• _About this exercise_
Beginning with the line that includes "Nissan Sylphy Classic", return every remaining line of the material exactly as it reads, but not the pictures.

....................

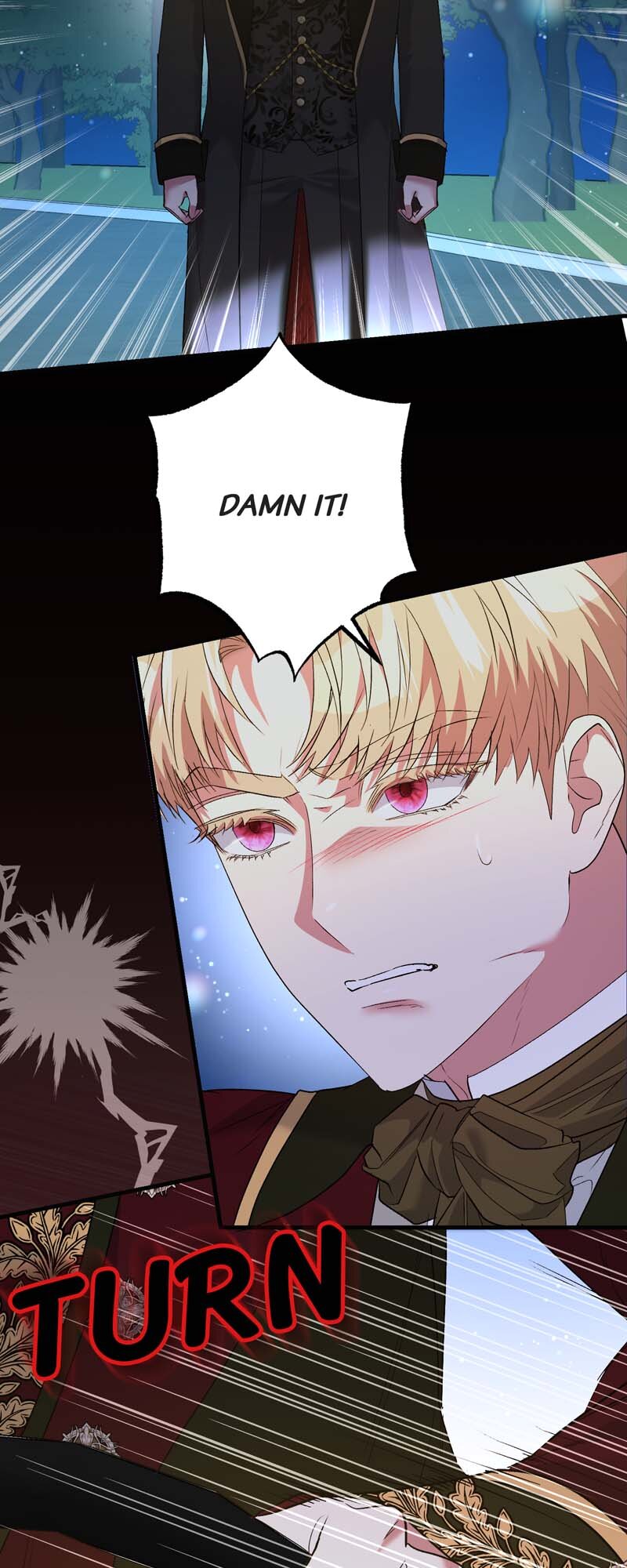 My Second First Marriage Chapter 73 221 46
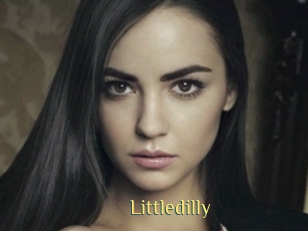 Littledilly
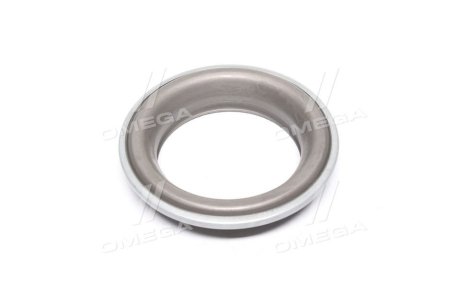 Подшипник опоры амортизатора Tacuma перед GM GM / OPEL 96261094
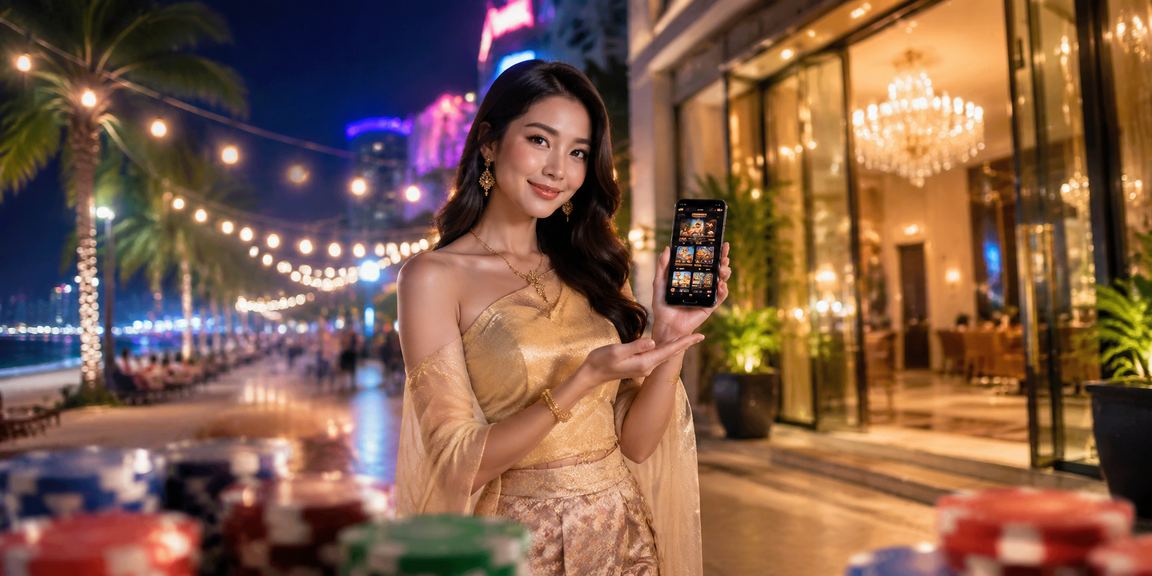 myat777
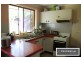 6/61 Old Kent Road, Ruse NSW 2560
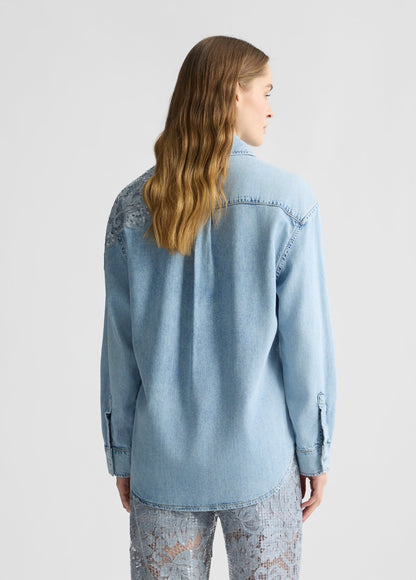 UA5128D48517882638-light denim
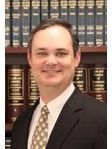 David Arthur Evans, experienced Business, Family Law attorney in Universal City, CA with 0 reviews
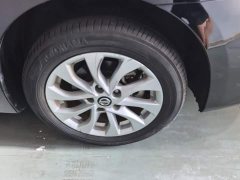 Nissan Sylphy Classic 1.6XL CVT Luxury Edition - фото 6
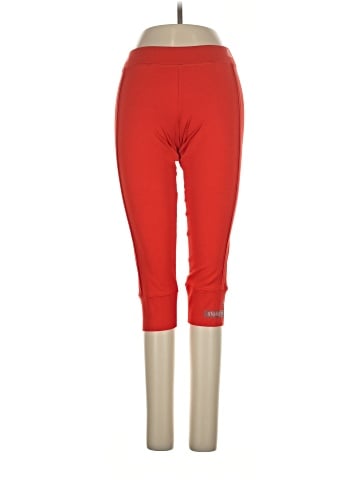 Adidas Stella McCartney Active Pants (view 1)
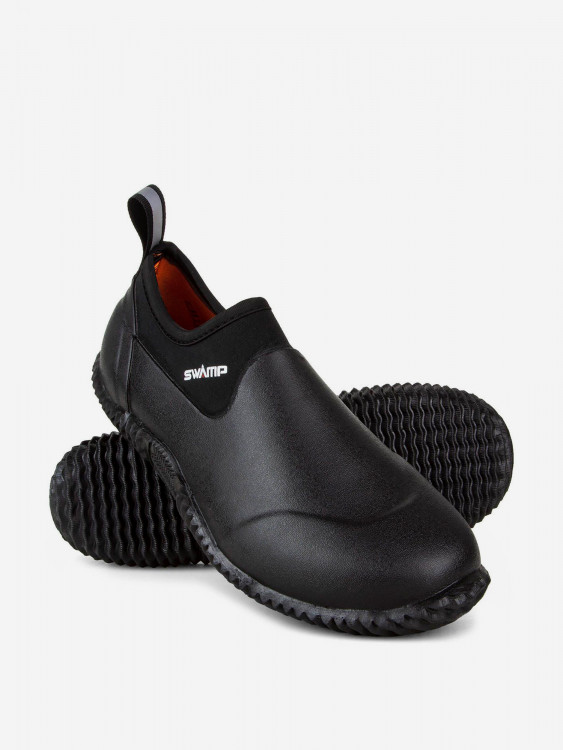 Галоши SWAMP Rabbit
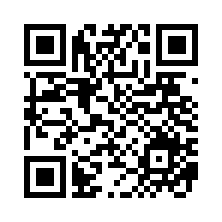 QR Code for bc1qnqvm8w0u8ynlga3g4yxt6c4e4zlcnd3avsp4sq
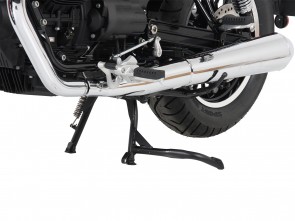Center Stand for Moto Guzzi V 9 Bobber (2016-)  / Bobber Sport (2019-)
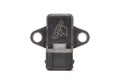 Turbo Boost Pressure Sensor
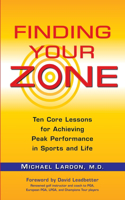 Finding Your Zone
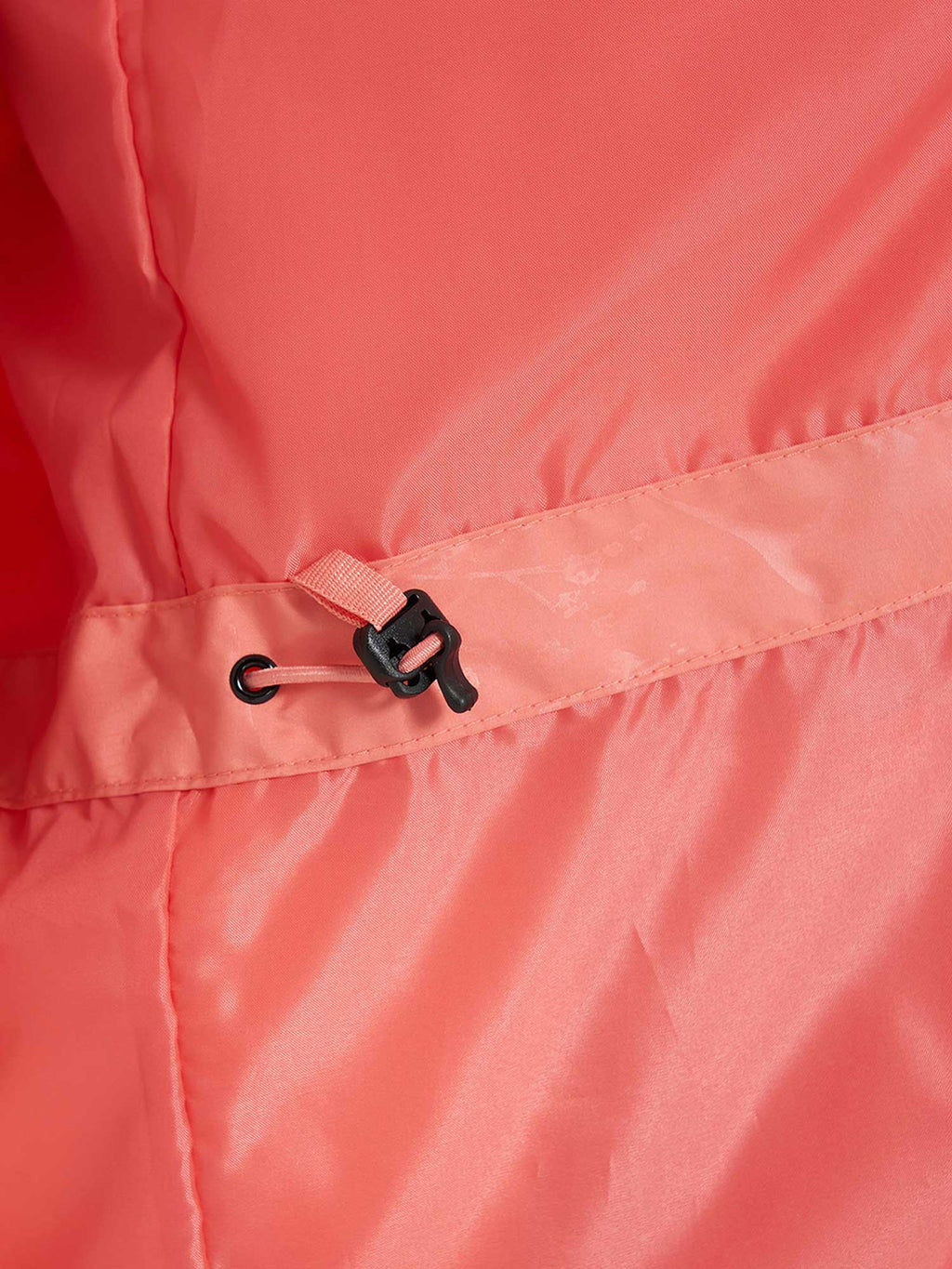 OUTVENTURE Ветровка Kingpeak Womens Windbreaker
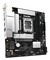 Фото - Материнская плата ASRock B860M Rock WiFi Socket 1851 | click.ua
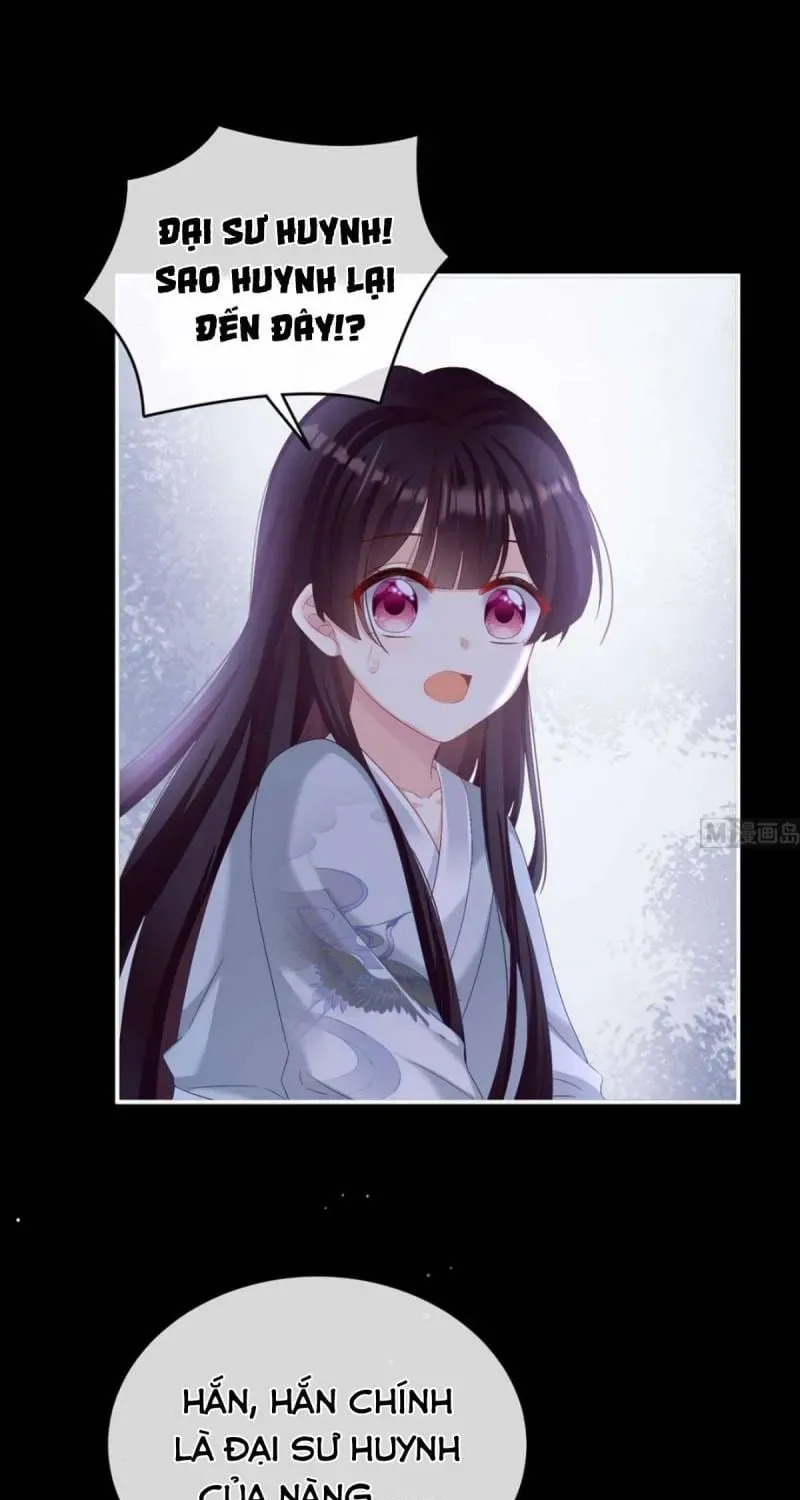 Kiều Phu Có Hỉ Chap 73 - Next Chap 72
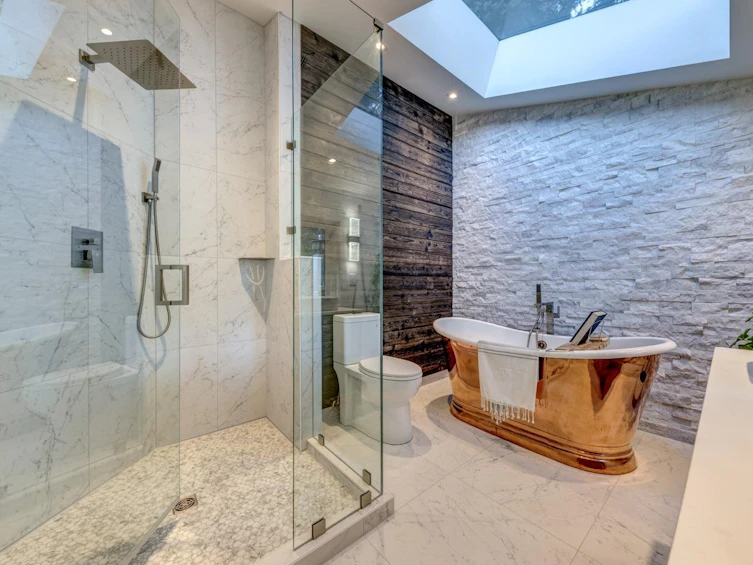 8348 Mountain View Drive, Whistler, BC, V8E 0G3 - 16
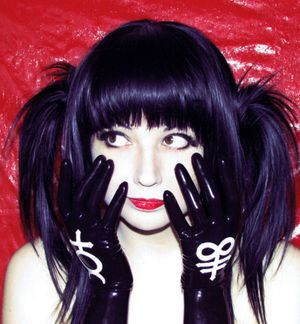 pelennanor__ID_by_Violet-Spider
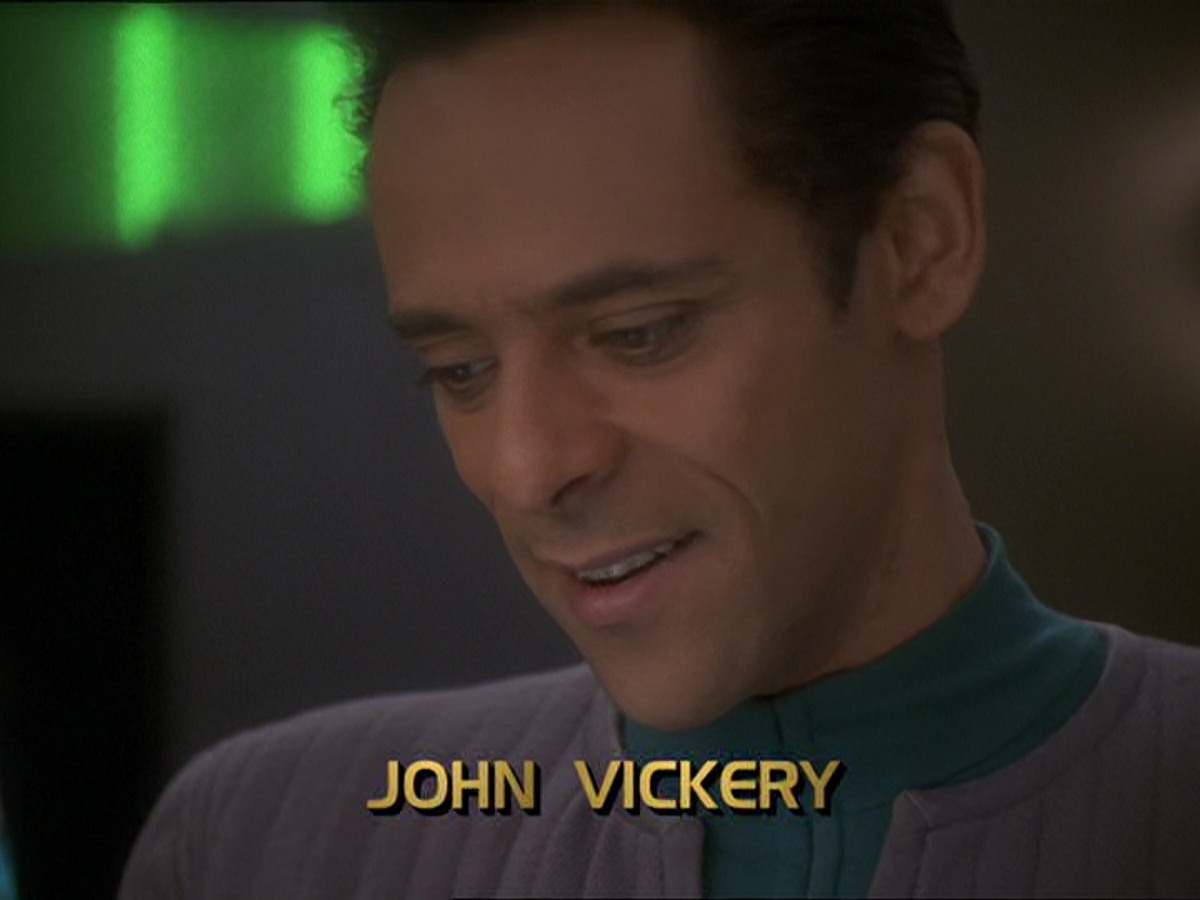 extant_StarTrek_DS9_7x22-TackingIntoTheWind_0620.jpg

....................

• _Written answer_
 Nissan Sylphy Classic 1.6XL CVT Luxury Edition - фото 6
 Adidas Stella McCartney Active Pants (view 1)
 Галоши SWAMP Rabbit
 QR Code for bc1qnqvm8w0u8ynlga3g4yxt6c4e4zlcnd3avsp4sq
Center Stand for Moto Guzzi V 9 Bobber (2016-)  / Bobber Sport (2019-)
 Turbo Boost Pressure Sensor
 Finding Your Zone
 OUTVENTURE Ветровка Kingpeak Womens Windbreaker
 Фото - Материнская плата ASRock B860M Rock WiFi Socket 1851 | click.ua
 Kiều Phu Có Hỉ Chap 73 - Next Chap 72
 8348 Mountain View Drive, Whistler, BC, V8E 0G3 - 16
 pelennanor__ID_by_Violet-Spider
 extant_StarTrek_DS9_7x22-TackingIntoTheWind_0620.jpg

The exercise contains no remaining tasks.